--- START ---
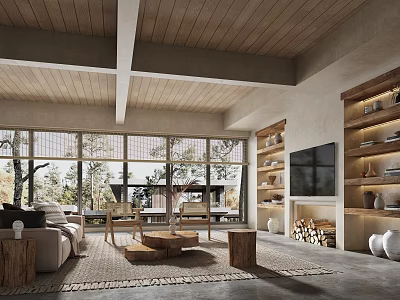 Living Room Interior Design With Wooden Ceiling Large Windows Trees Outside And Fireplace 3d model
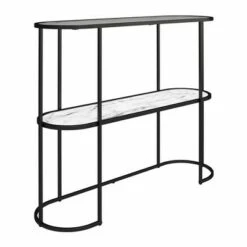 Moon Phases Console Table White Marble/Glass - Mr. Kate -Console Tables Sales unnamed file 5541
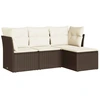 Image de vidaXL Ensemble de salon de jardin 4 pièces avec coussins Marron Poly Rattan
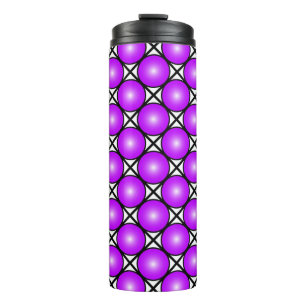 Magenta Roze Stippen Zwart Wit Lattice Patroon Thermosbeker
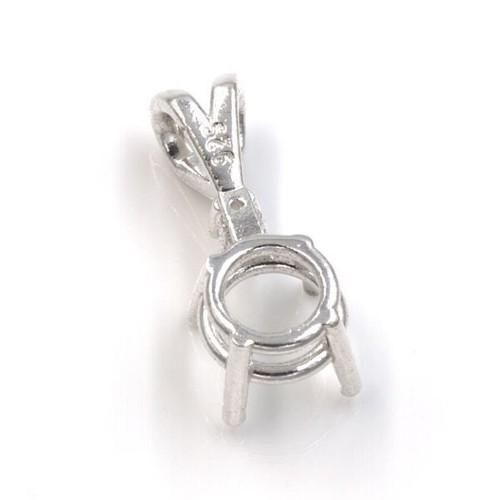 Round Single Accented Pre-notched Pendant Mounting - Picture 2 of 2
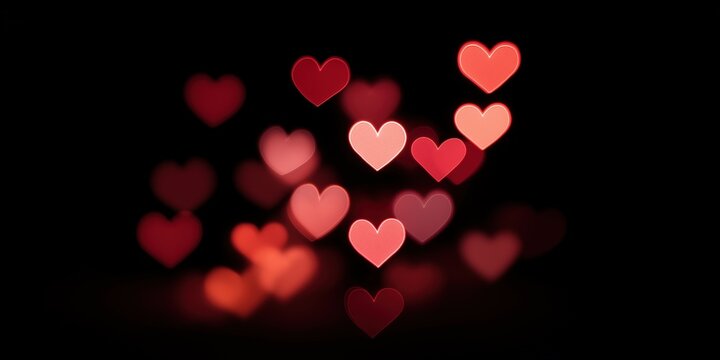 Glowing red heart shapes on black background with bokeh effect - Powered by Adobe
--- END ---
→ **DIRECTIONS FOR THIS TASK**
Render all entries verbatim, excluding any pictures they hold.

→ **SOLUTION TO THIS TASK**
 Living Room Interior Design With Wooden Ceiling Large Windows Trees Outside And Fireplace 3d model
 Moon Phases Console Table White Marble/Glass - Mr. Kate -Console Tables Sales unnamed file 5541
 Image de vidaXL Ensemble de salon de jardin 4 pièces avec coussins Marron Poly Rattan
 Magenta Roze Stippen Zwart Wit Lattice Patroon Thermosbeker
 Round Single Accented Pre-notched Pendant Mounting - Picture 2 of 2
 Glowing red heart shapes on black background with bokeh effect - Powered by Adobe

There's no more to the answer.